Thursday, August 18, 2011
Cooverthon: "Briar Rose"
If "Briar Rose" (1996) appeared in a collection of short stories, I would probably appreciate it more. There is something about a "book" which implies depth and weight. "Briar Rose," sadly, holds neither of these things, and it's the only Coover book that I previously owned but which I never bothered to finish. Much like "Spanking the Maid" (1982) it's what everybody assumes Coover always does, but seems -- when compared against the rest of his work -- lightweight and sort of frivolous.
It shares the same structure as "Spanking the Maid," a narrative which shifts focus between two protagonists (the Prince and Sleeping Beauty) as they repeat the same actions endlessly without ever achieving their goals. The Prince wants to rescue Sleeping Beauty, but he's trapped as much by the briar hedges as he is by his doubts: is he the one? Is she the one? Is he accomplishing his tasks properly?

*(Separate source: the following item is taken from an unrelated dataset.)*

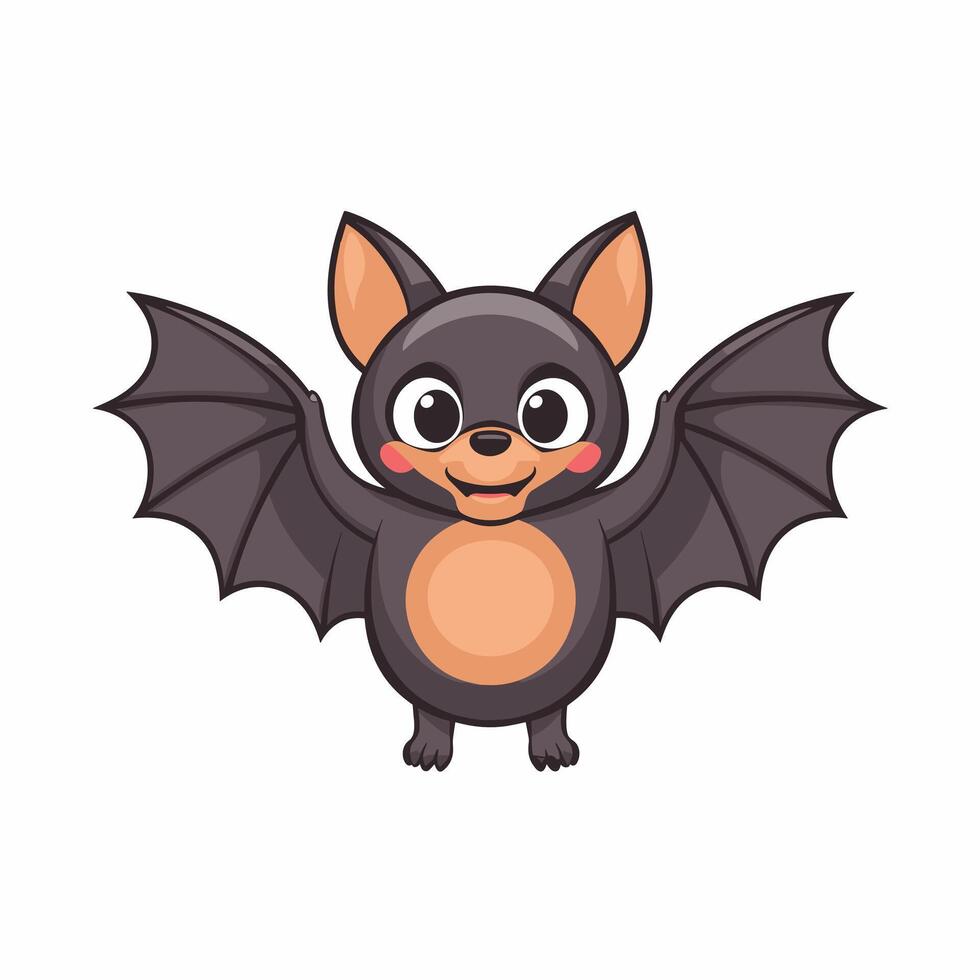 Set of bat, flat cartoon isolated on white background. illustration white background vector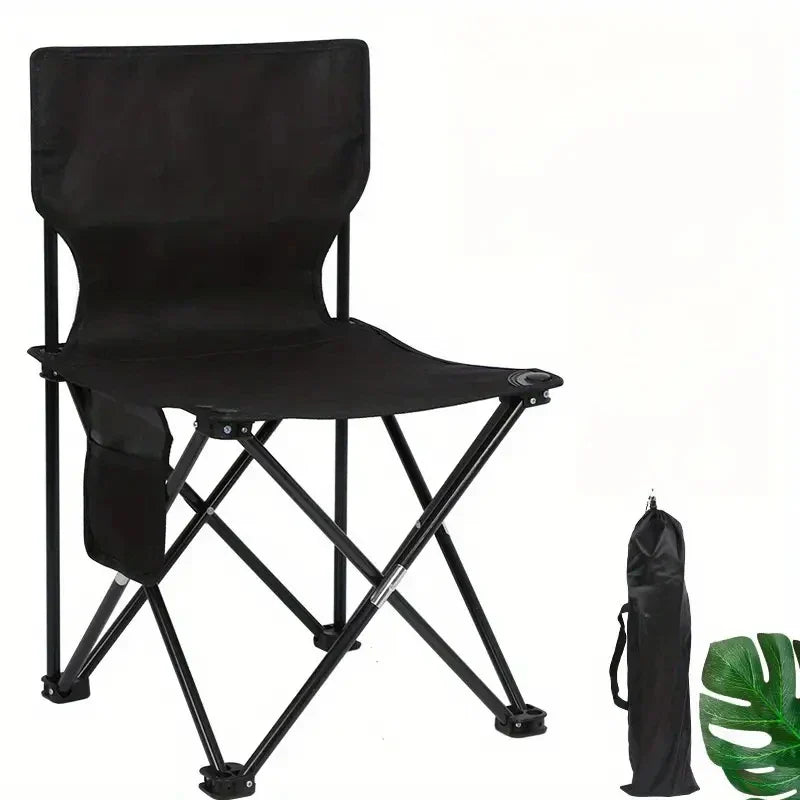 Foldable Camping Chair with Side Pocket Black Camp Furniture - Tophatter Daily Deals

Sleeping Beauty, likewise, is enduring a hundred-year sleep in the company of a good/evil fairy. The fairy tells her stories about all the possible Princes and the possible resolutions to the fairy tale, invariably terrible. Usually these hypothetical princes are already married, and their wives kill Sleeping Beauty and eat her. Sometimes the princes wake her up only after having fathered several children by her while she was sleeping. Some princes only want her property, or they turn into monsters when they kiss her.
Every second (large-print, small-margin) page is basically a resumption of the tale with a new twist. This is Coover's "phantasmagoria" approach, which reads like a fever dream but -- sadly -- has little else to recommend it, especially when you've already read his similar short stories in "Pricksongs and Descants" (1969) and "A Night at the Movies" (1987).

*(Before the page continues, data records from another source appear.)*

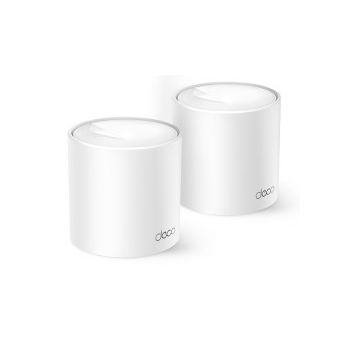 TP-Link AX1500 Deco X10 (2-pack), Dual-Band Home Mesh Wi-Fi 6, WiFi 6 brzine do 1,500 Mbps/1,201 Mbps na 5GHz i 300 Mbps na 2,4GHz/ do 120 uređaja/ 2×Gigabit port/ pokriva do 190m2/Deco App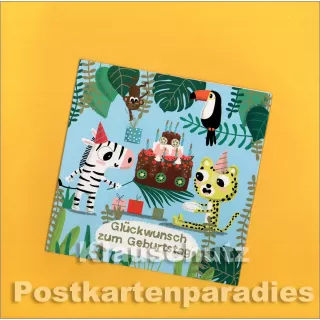 ActeTre Puzzlecard mit Tieren - Glückwunsch zum Geburtstag - Glückwunschkarte und Umschlag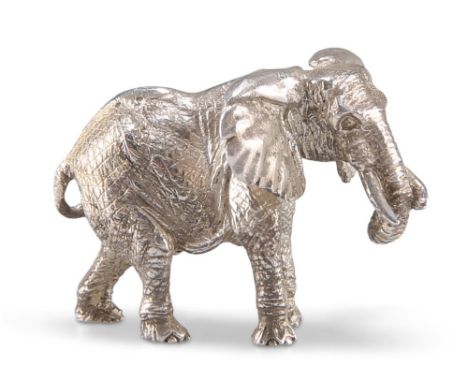 A STERLING SILVER ELEPHANT,&nbsp;by Patrick Mavros, Zimbabwe, modern, the miniature adult model with tusks realistically cast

If you have a burning love for fairy tale deconstruction, this could be a good book (in the same way that "Spanking the Maid" has been cited as the ultimate text for S&M devotees), but otherwise it's Coover at his laziest. It lacks the invention and passion that he injects into better examples of this style (eg. "The Magic Poker" and "The Babysitter"), and also lacks the satire and political consciousness of Angela Carter's fairy tale treatments.

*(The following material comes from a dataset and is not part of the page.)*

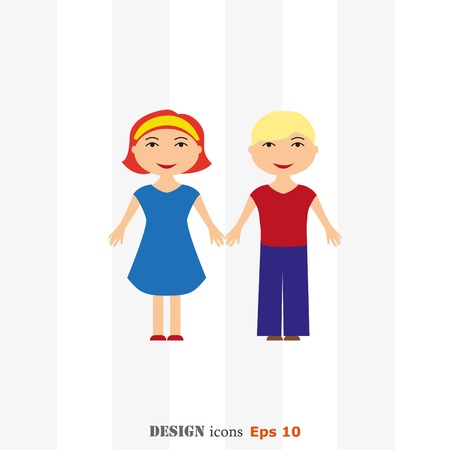 stylish avatar of girl and guy in flat design. Vector illustrationのイラスト素材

"Pinocchio in Venice" was dedicated to Carter just a few years before, so maybe this was an homage of some kind, though Coover had tackled fairy tales before ("The Door," "The Gingerbread House") and would come back to them again in "Stepmother."
Typical Coover themes in "Briar Rose": Repetitious scenario with disconnected geography & time, characters can never succeed because the rules of the scenario are unspoken or more complicated than first considered, scatology, idealized situations become disgusting/horrific when subject to real life.